**DATA EXCERPT**
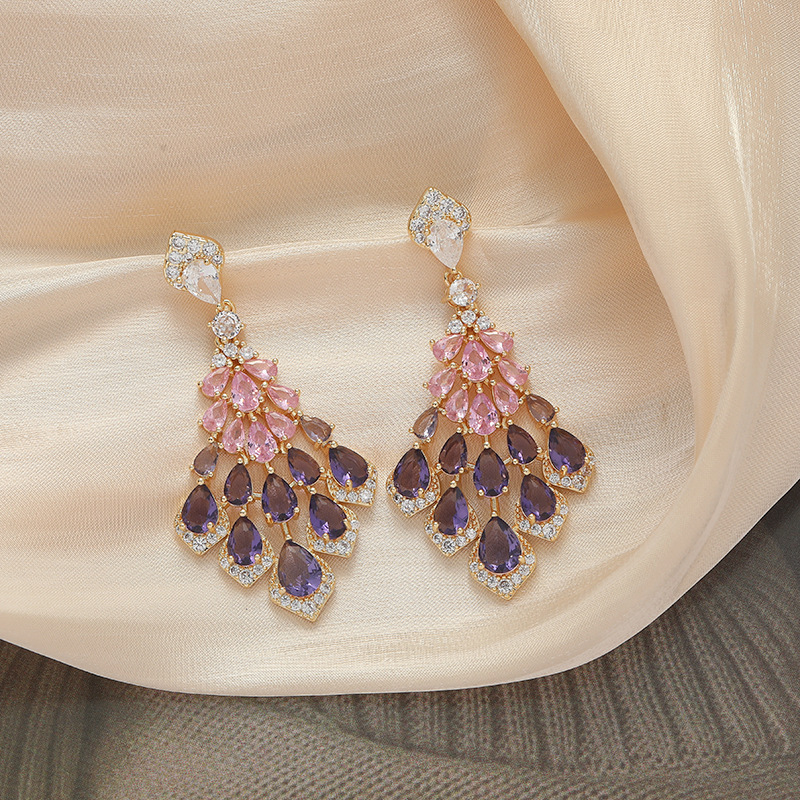 or Eh123 plume violet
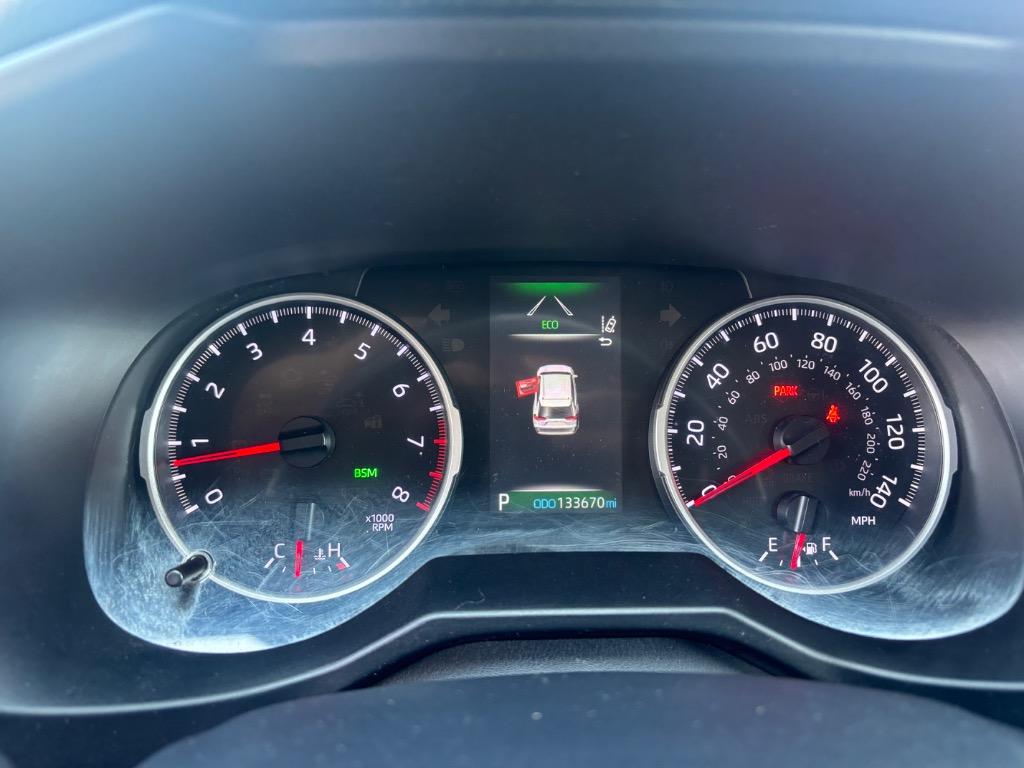 2019 Toyota RAV4 XLE Premium photo 13
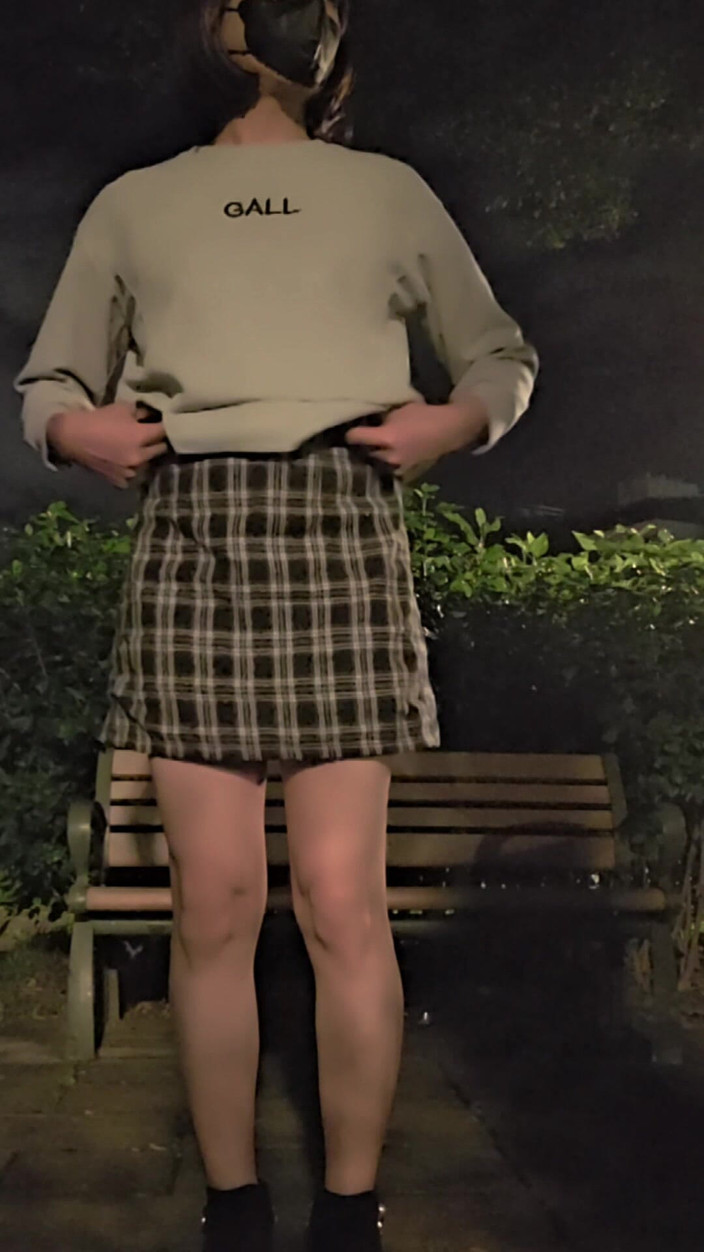 Taiwancdgirl: 性感的人妖婷萱在户外自慰手冲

**TASK BRIEF**
Could you give all of the data again exactly as written, omitting any pictures?

**ANSWER FOR THIS EXERCISE**
 or Eh123 plume violet
 2019 Toyota RAV4 XLE Premium photo 13
 Taiwancdgirl: 性感的人妖婷萱在户外自慰手冲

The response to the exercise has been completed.